Activity
When you reach the line containing "Black and white" in the entries below, start writing out each line exactly, and stop after the line containing "Lace Floral Navy".

Start of Input data

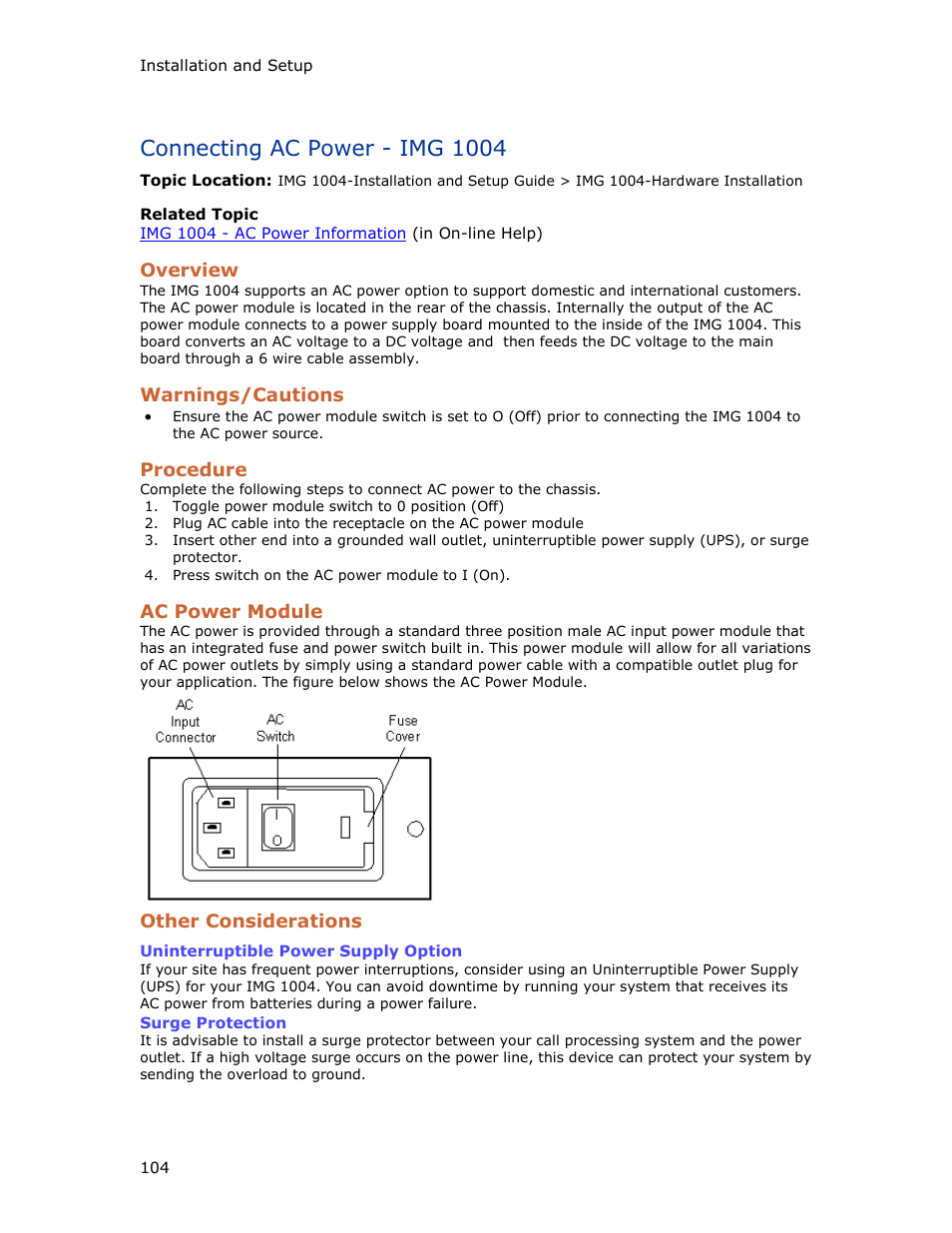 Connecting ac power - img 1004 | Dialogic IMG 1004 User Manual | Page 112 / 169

End of Input data
Start of Input data

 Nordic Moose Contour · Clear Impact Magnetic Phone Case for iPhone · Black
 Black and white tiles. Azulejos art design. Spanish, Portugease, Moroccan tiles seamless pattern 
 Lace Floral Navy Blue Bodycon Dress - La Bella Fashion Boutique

End of Input data

Output of the task
 Black and white tiles. Azulejos art design. Spanish, Portugease, Moroccan tiles seamless pattern 
 Lace Floral Navy Blue Bodycon Dress - La Bella Fashion Boutique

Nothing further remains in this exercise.